Inputs before hearing onset

Before sound-evoked activity, neurons s i (t) receive spontaneous activity. These input patterns are generated from filtered uniform noise between −0.5 and 0.5 with a time constant of 5, by subtracting a constant θ x  = 0.1, setting all negative values to zero and then rescaling the signal to have a mean firing rate of 1 (arbitrary units). ON and OFF spontaneous activity is the same for each frequency band and for excitation and inhibition. The model was simulated for 100,000 time steps.

Sound-evoked inputs

The sound is generated so that it can either be ON or OFF for one given frequency s i . At each time step, if the sound is ON, the sound can be switched OFF with a probability pON = 1/50 . Similarly, if the sound is OFF, there is a probability pOFF = 1/50 of switching it ON. When the sound switches ON at a given frequency, the corresponding ON input increases of 1, and decays exponentially otherwise, with a decay time constant of τ = 10. Similarly, when the sound switches OFF, the corresponding OFF input increases of 1, and decays otherwise with the same time constant τ. Once the inputs have been generated, they are rescaled to have a maximum value of 40. Excitatory and inhibitory inputs are the same. The network was simulated for 100,000 time steps. We tested two types of sound inputs which yielded similar results: one case where only one frequency channel can be ON at the same time (main paper) and another case where each frequency channel can turn ON and OFF independently (pOFF = 1/500), so that multiple frequencies are played at the same time (Supplementary Figure 3a and Supplementary Figure 4).

Analysis of modelled data

We simulated 100 cells.

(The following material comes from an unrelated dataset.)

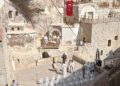 Παναγία Σουμελά: Συγκίνηση στη Θεία Λειτουργία παρά τους τουρκικούς περιορισμούς (video)
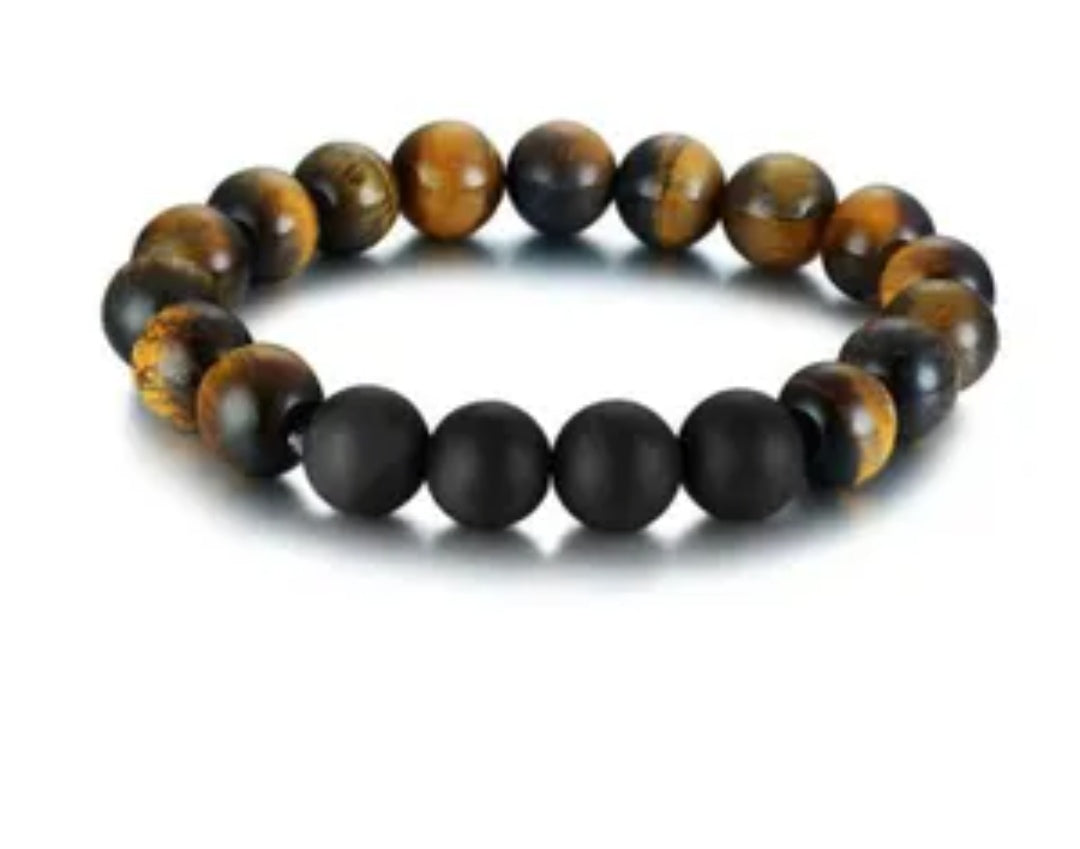 Bracelets en Pierre de Jade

To plot FRAs, constant intensities s i are played from 19.5 to 65. The difference between ON and OFF is computed as the centre of mass of the ON FRA minus the centre of mass of the OFF FRA. As the indices i = 1,..,10 corresponds to 5 octaves, an average difference of 2 corresponds of 1 octave. To test sweep selectivity, the mean firing rate of the neuron y is measured while a sweep is going UP or DOWN for 3000 time steps. The sound is presented for one time step in a frequency band i, then 50 ms later in the next frequency band (i + 1 for sweep going UP and i − 1 for sweep going DOWN, note the circular boundary condition) etc. ON and OFF inputs x are calculated as above and maximal values are rescaled to 2.

Data availability

All neurophysiological data are available from the authors. The model is available on ModelDB.